I don’t have any awards that I can put on a résumé. I could probably brag about getting a “kudos” when a customer said I did a good job back in 2005. However, that’s one customer out of hundreds that I’ve dealt with in the past 12 years. That’s not to say that I don’t have a few more satisfied customers, just that only one has spoken to a supervisor about me and it’s been put in writing that I was awesome. One customer isn’t much to write home about, so I don’t mention it.

I don’t even try to get awards. If I’m good, I’ll achieve something, but if I try, I’ll stress myself out and disappoint myself when I fail. So I go to work, I clock in, I do what I must, and then I go home.

What about the days when I’m not even up to my regular standards? I’ve gone to work while ill, when I had a bacterial infection in my respiratory system and couldn’t walk to the back of the store without being out of breath by the time I got there. I’ve gone to work with bronchitis, when my bosses wouldn’t let me take any more days off and I have to take phone calls in a call center when I don’t even have a voice.

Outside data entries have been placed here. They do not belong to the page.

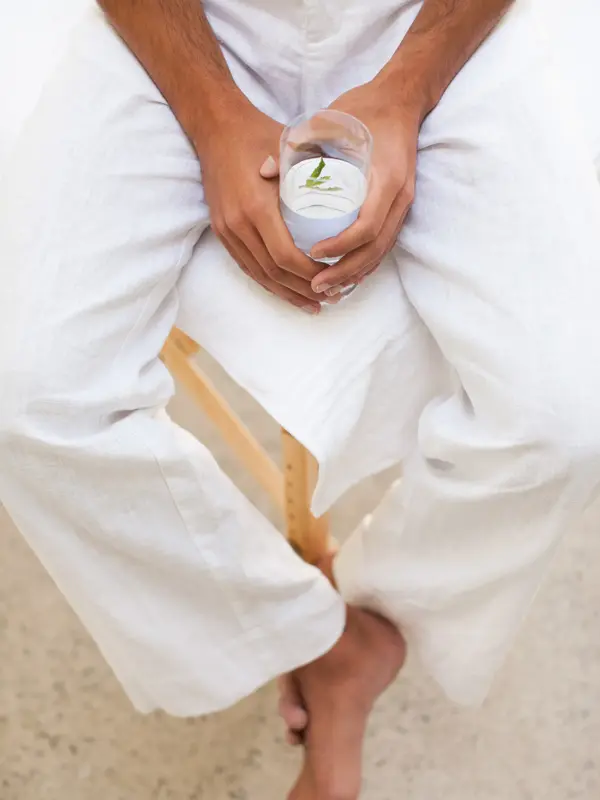 Nærbilde av manneben med hvit linbukse sittende på stol med hender som holder et vannglass 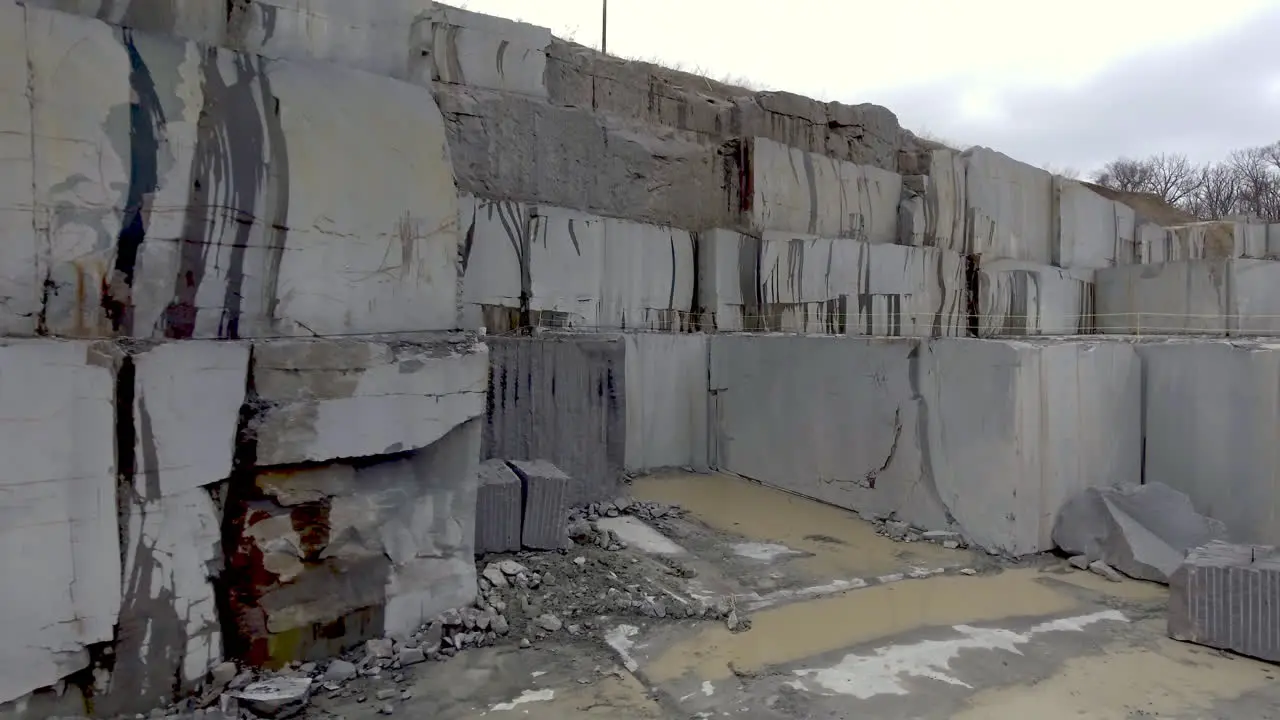 Camera slowly moves forward on giant granite blocks in stone quarry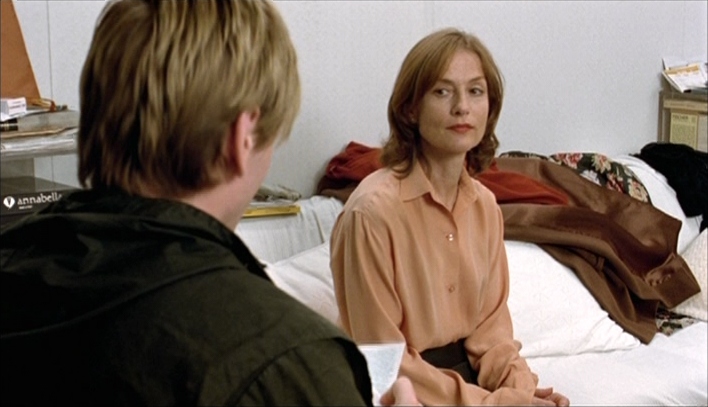What Is Erotic Cinema? Definition, Genre & Global Examples 9 Erika sits on a bed and watches Walter read her letter in The Piano Teacher (2001, MK2), a scene that shifts their relationship into darker territory.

I’ve worked while I’ve had a parent in the hospital on their death bed, when a part of me has wanted to be by their side but another part reminded me that I needed the money and I convinced myself that I might be able to get my mind off of things if I kept busy. Of course, there’s no awards for going to work when you’re not up to snuff, when you’re physically and emotionally drained. The Center for Disease Control would love it if you avoided people while you’re ill, but your bosses always want to keep your seat warm and will be willing to replace you. And no one cares if your parents are dying, but you can get time off once they’ve passed.

So my job application probably looks like most of the other applications being submitted. Then again, maybe I’m the only one without any awards to her name. I don’t actually mind, because maybe I wasn’t in the right place to get an award, or on the right team to develop my skills to one day achieve something great. That’s not to say I don’t already have the right skills, just that I wasn’t in the right place or had the perfect opportunity to use what skills I do have. While I’m looking for that perfect opportunity, I’m definitely building my job application skills. It’s a shame that those skills only pay off when I land a job.